● Required action
Could the entries below be transcribed word for word, with the pictures omitted?
_ _ _
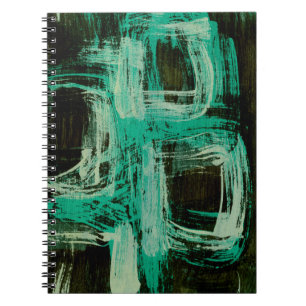 Aquamarine Windows I Notebook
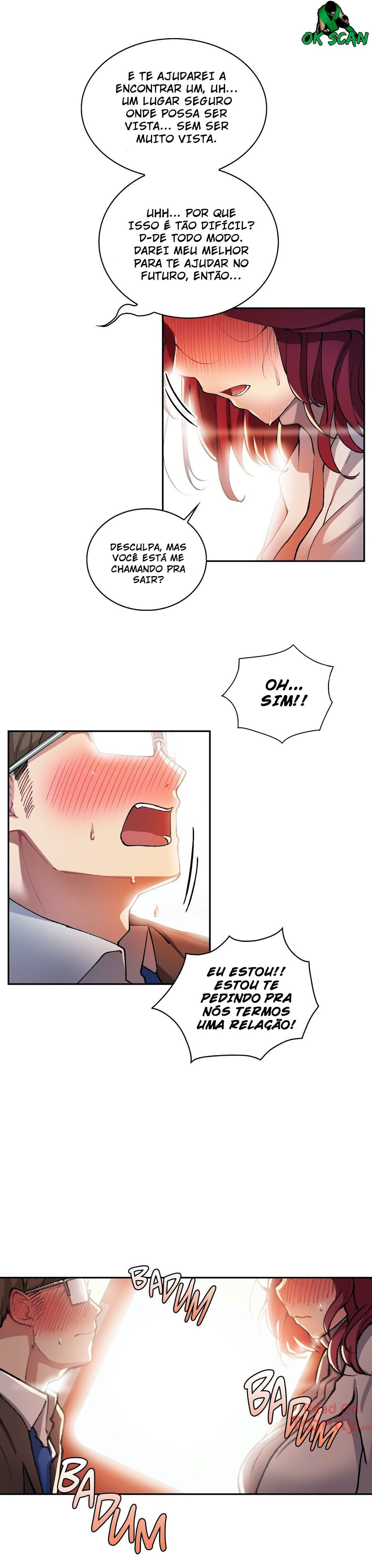 The Girl Hiding In The Wall Capitulo 12 - pagina 8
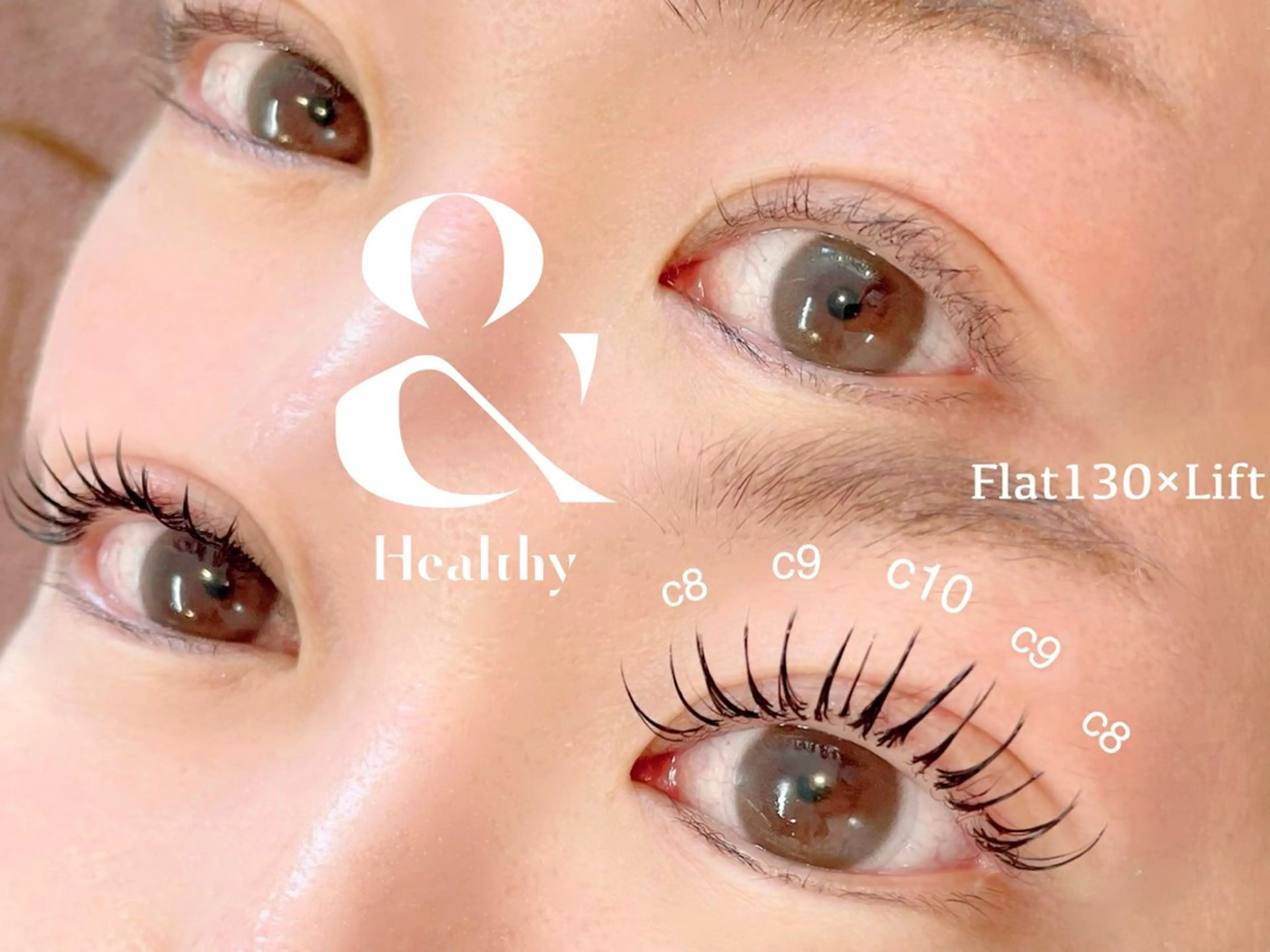 マツエク・マツパ マツエク Lash Re：のマツエク・マツパデザイン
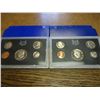 1971 & 72 US PROOF SETS (WITH BOXES)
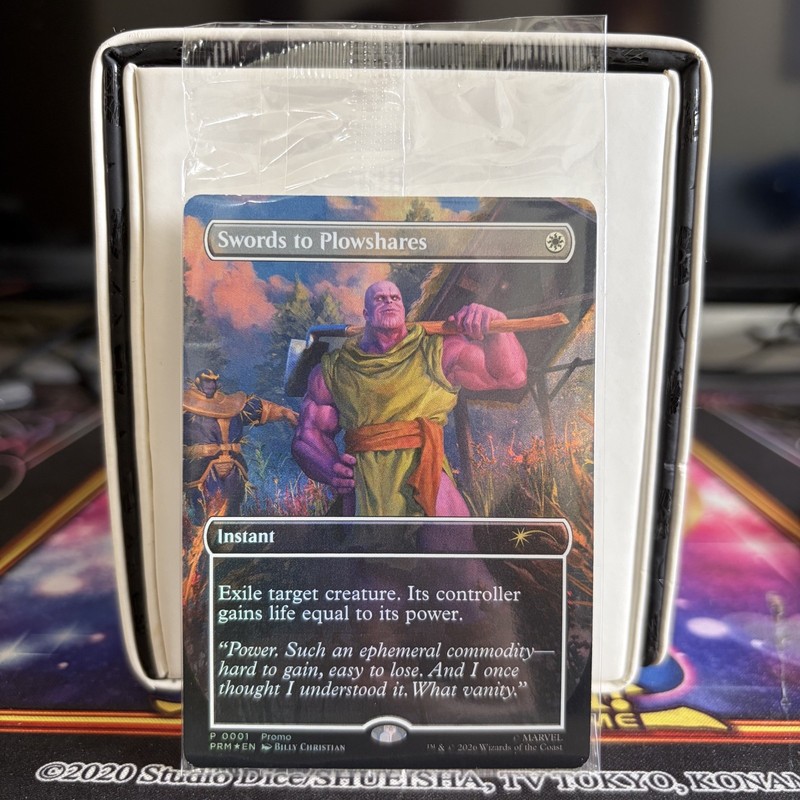 PSA Promo Swords to Plowshares P 0001 Magic the Gathering Card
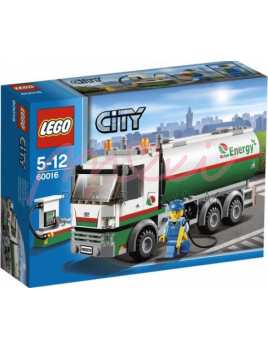 LEGO City 60016 Tanker Truck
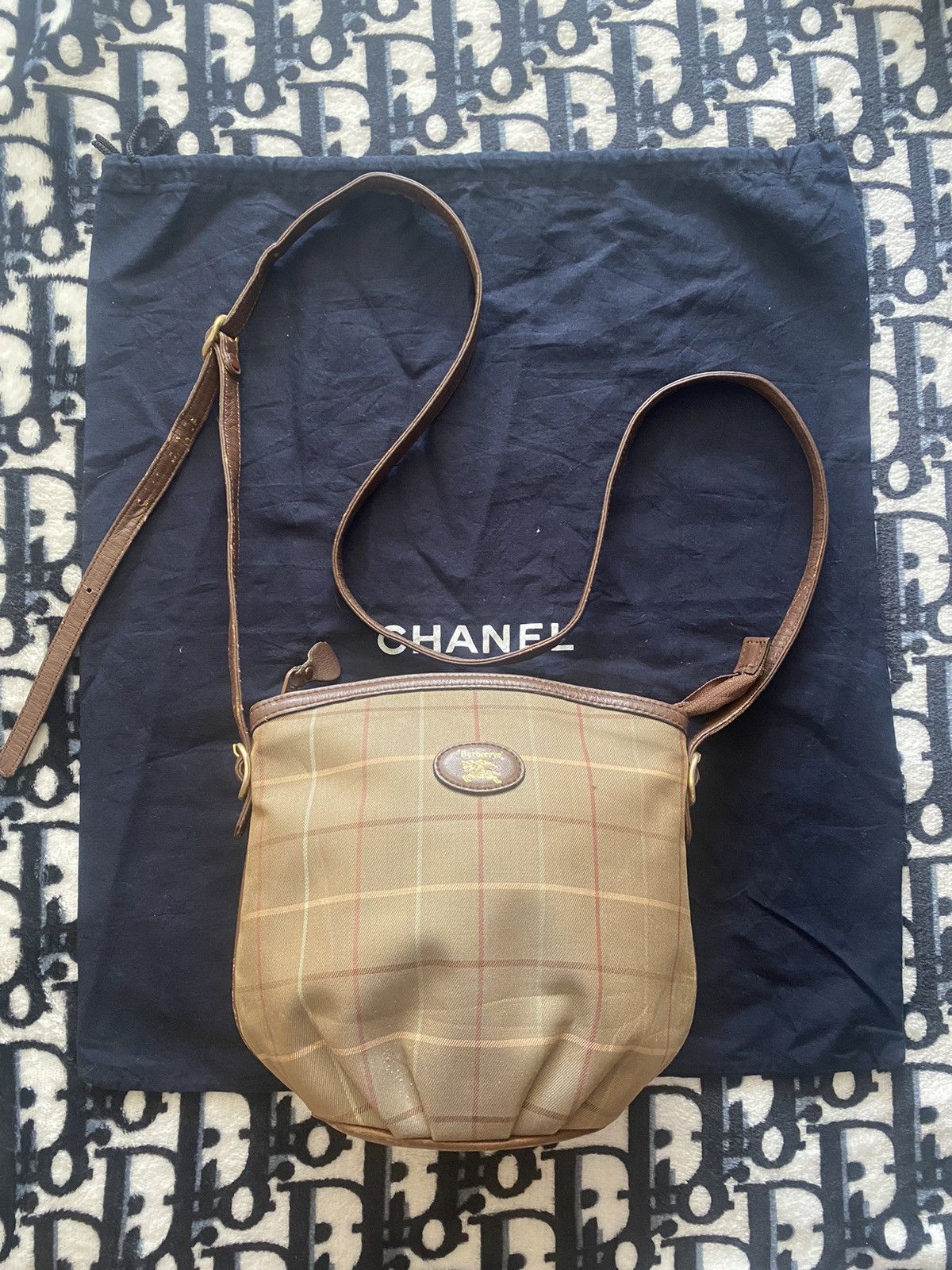 🔥Steals🔥 Bag Vintage Burberrys Nova Check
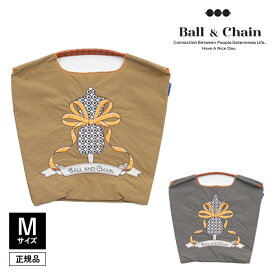 【即日発送(火曜除く)】【正規品保証】【検品後発送】Ball&Chain ボールアンドチェーン TORSO 301050 Mサイズ バッグ エコバッグ ショッピングバッグ 正規品 正規販売店 新作 2way キャンセル返品不可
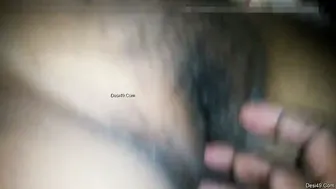 Village Wife Fingering Herself Then Jerking Me With Her Feet
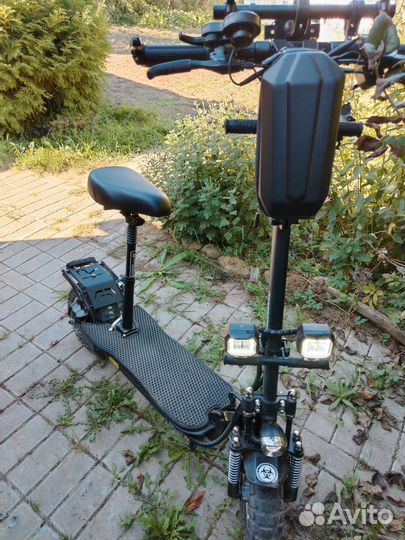 Электрический самокат kugoo m5 sport 2024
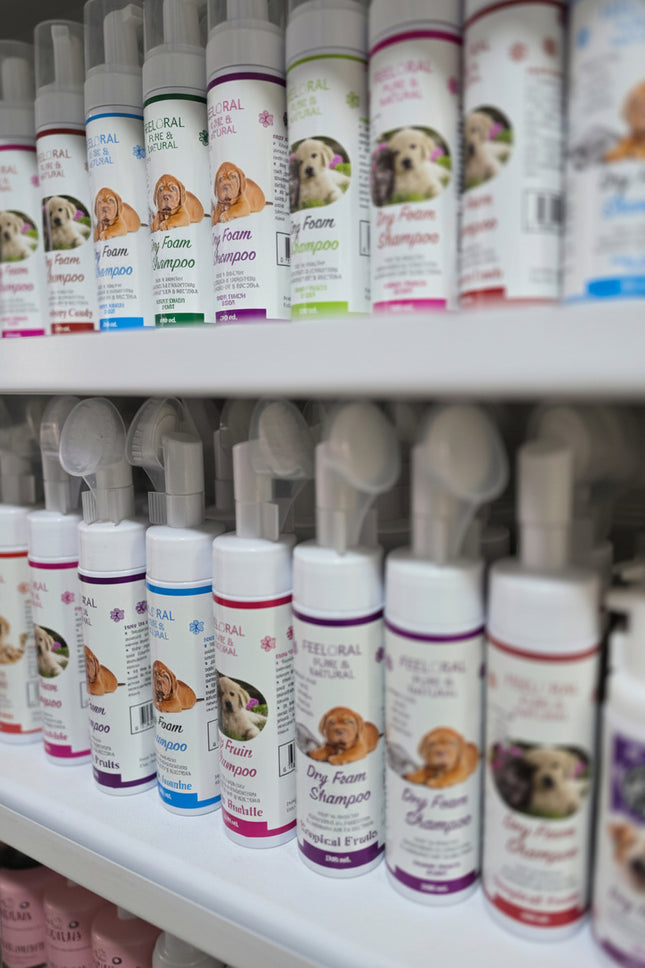 Dry Shampoo For Pet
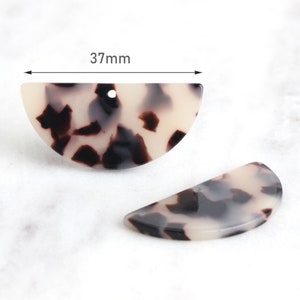 21 Pezzi Ciondoli Perline Tibetano Arcobaleno Argento Smalto Tartaruga – 20x10x2 Mm - Foto 5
_ _ _
● Result for this task
 Aquamarine Windows I Notebook
 The Girl Hiding In The Wall Capitulo 12 - pagina 8
 マツエク・マツパ マツエク Lash Re：のマツエク・マツパデザイン
 1971 & 72 US PROOF SETS (WITH BOXES)
 PSA Promo Swords to Plowshares P 0001 Magic the Gathering Card
 LEGO City 60016 Tanker Truck
 🔥Steals🔥 Bag Vintage Burberrys Nova Check
 【即日発送(火曜除く)】【正規品保証】【検品後発送】Ball&Chain ボールアンドチェーン TORSO 301050 Mサイズ バッグ エコバッグ ショッピングバッグ 正規品 正規販売店 新作 2way キャンセル返品不可
 Village Wife Fingering Herself Then Jerking Me With Her Feet
 Электрический самокат kugoo m5 sport 2024
 Dry Shampoo For Pet
 21 Pezzi Ciondoli Perline Tibetano Arcobaleno Argento Smalto Tartaruga – 20x10x2 Mm - Foto 5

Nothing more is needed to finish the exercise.